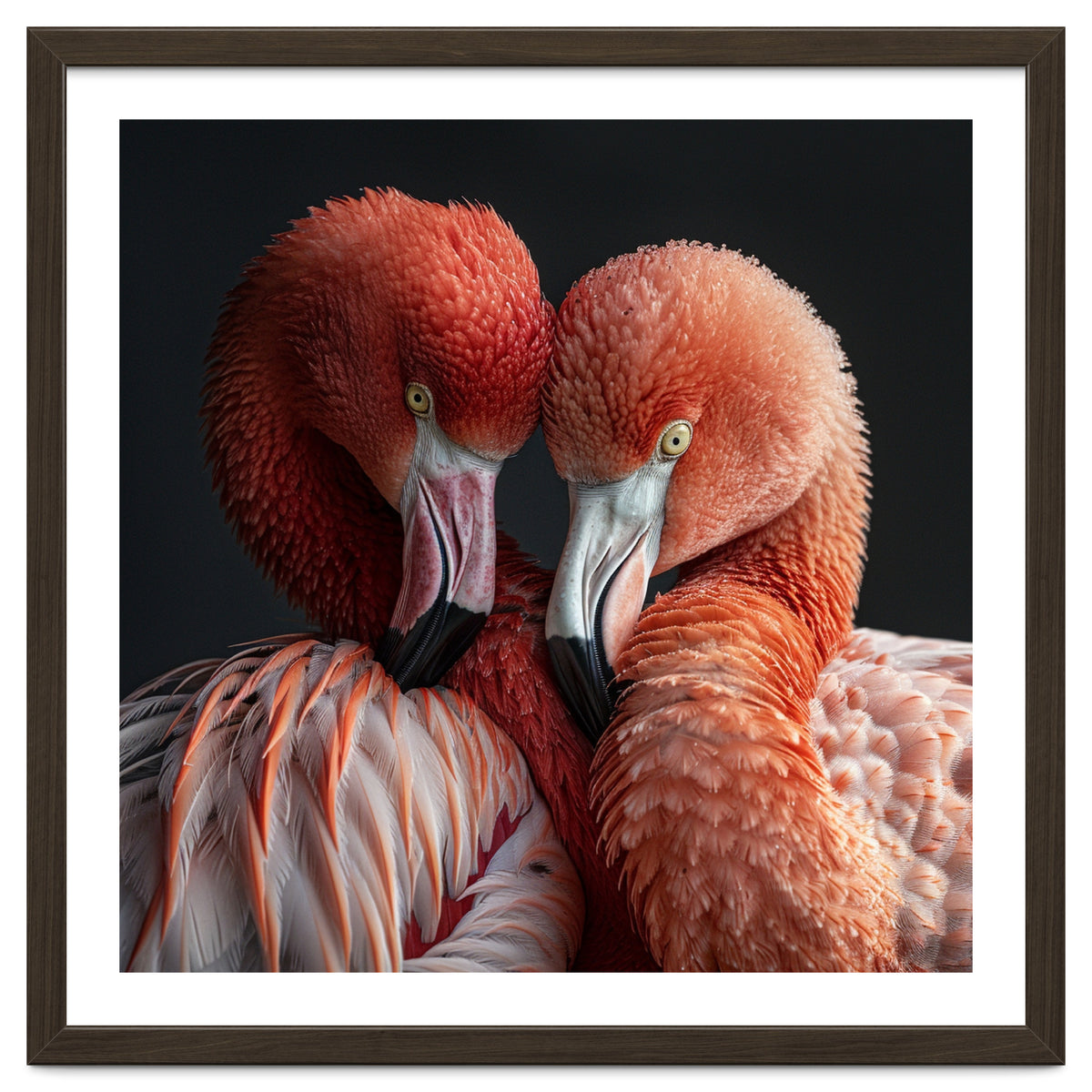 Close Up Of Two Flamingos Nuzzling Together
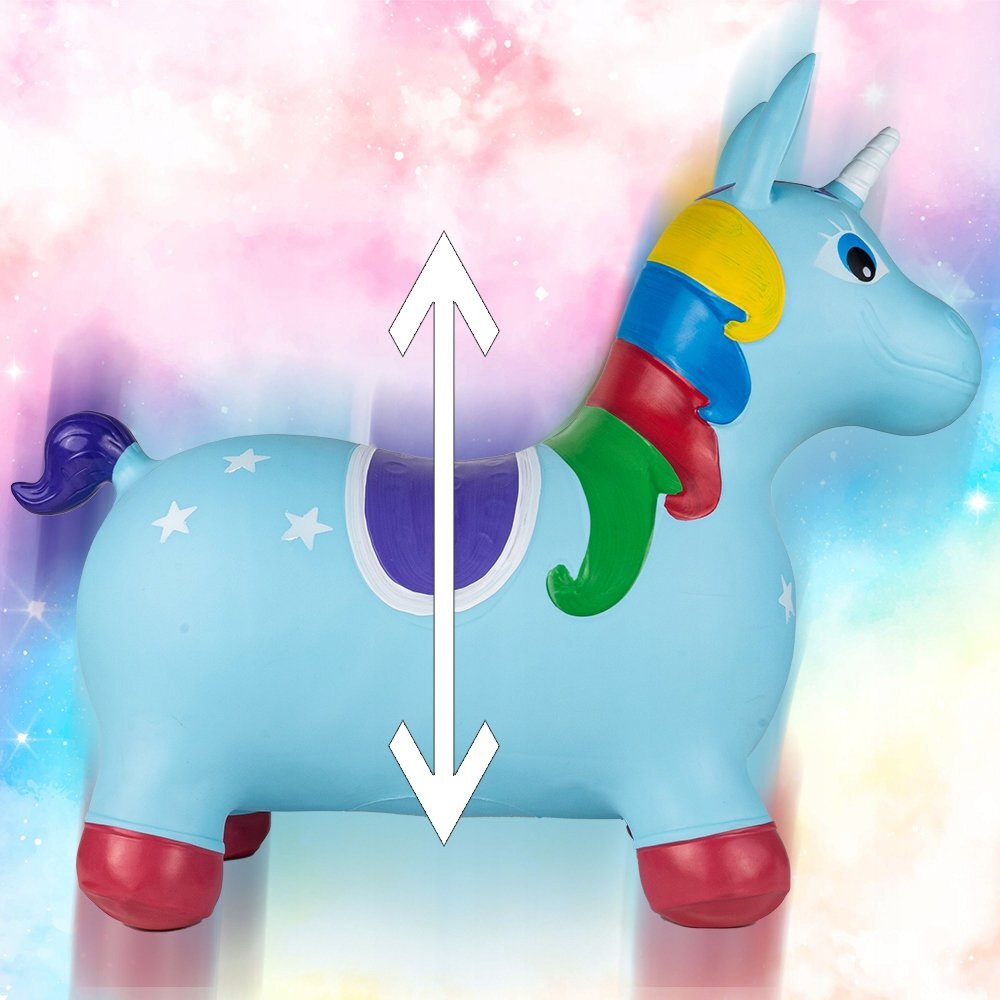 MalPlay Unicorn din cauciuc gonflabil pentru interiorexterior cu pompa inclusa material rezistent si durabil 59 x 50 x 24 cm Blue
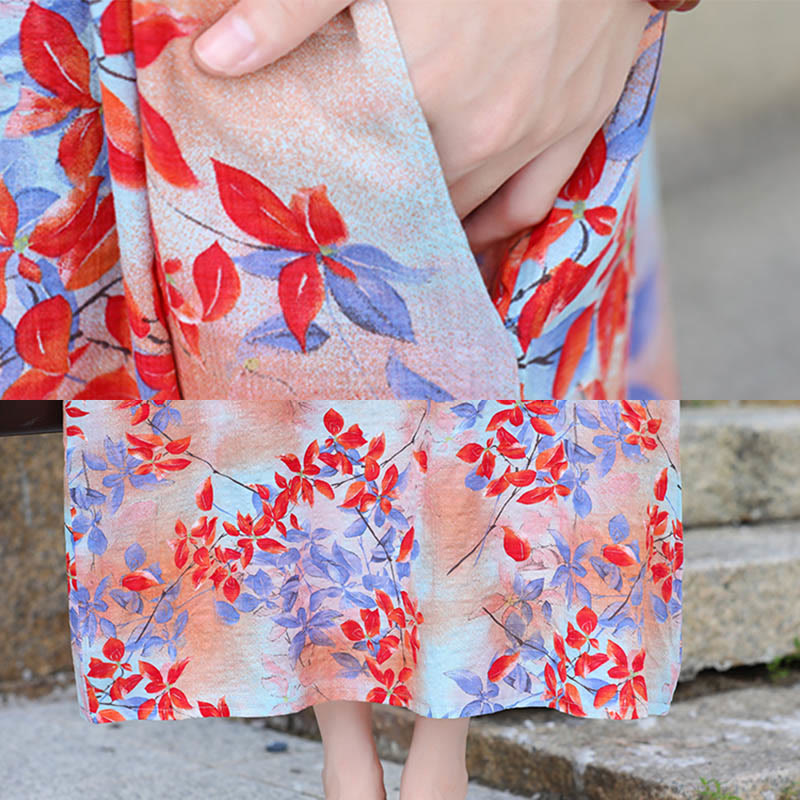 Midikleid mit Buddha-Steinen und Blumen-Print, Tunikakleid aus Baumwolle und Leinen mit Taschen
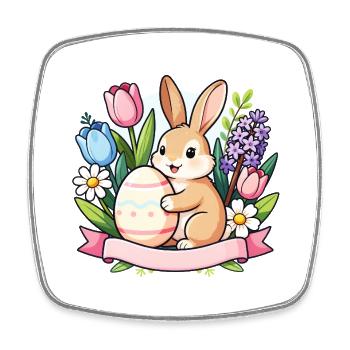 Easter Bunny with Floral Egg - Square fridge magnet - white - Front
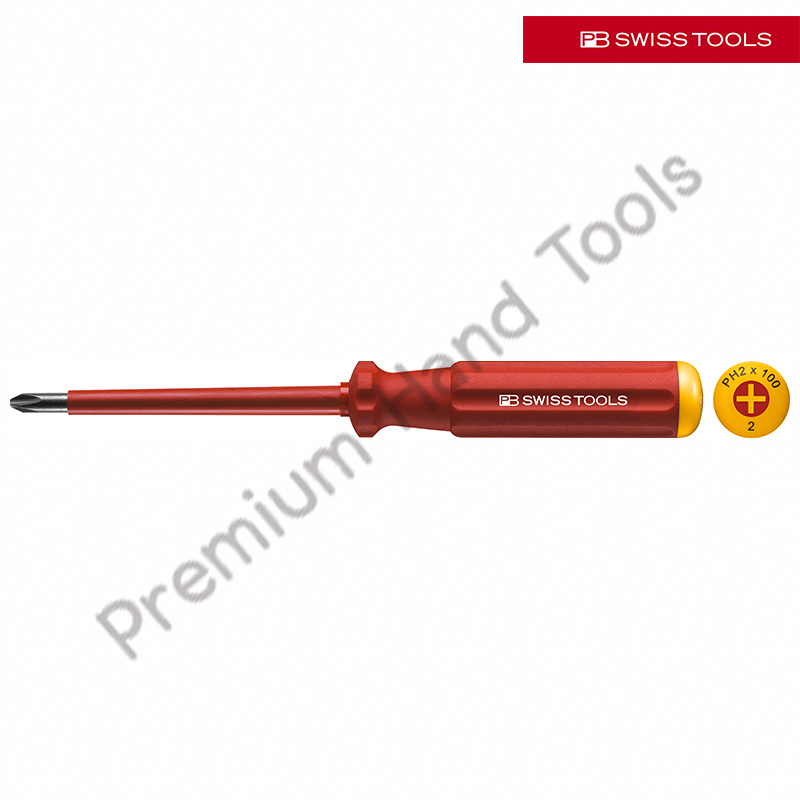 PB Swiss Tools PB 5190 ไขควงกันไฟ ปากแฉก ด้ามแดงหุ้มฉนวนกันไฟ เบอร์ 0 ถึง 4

════════

Line by line, write out the entries exactly, and leave the pictures out.

- RESPONSE BOX:
 Close Up Of Two Flamingos Nuzzling Together
 MalPlay Unicorn din cauciuc gonflabil pentru interiorexterior cu pompa inclusa material rezistent si durabil 59 x 50 x 24 cm Blue
 Midikleid mit Buddha-Steinen und Blumen-Print, Tunikakleid aus Baumwolle und Leinen mit Taschen
 Easter Bunny with Floral Egg - Square fridge magnet - white - Front
 PB Swiss Tools PB 5190 ไขควงกันไฟ ปากแฉก ด้ามแดงหุ้มฉนวนกันไฟ เบอร์ 0 ถึง 4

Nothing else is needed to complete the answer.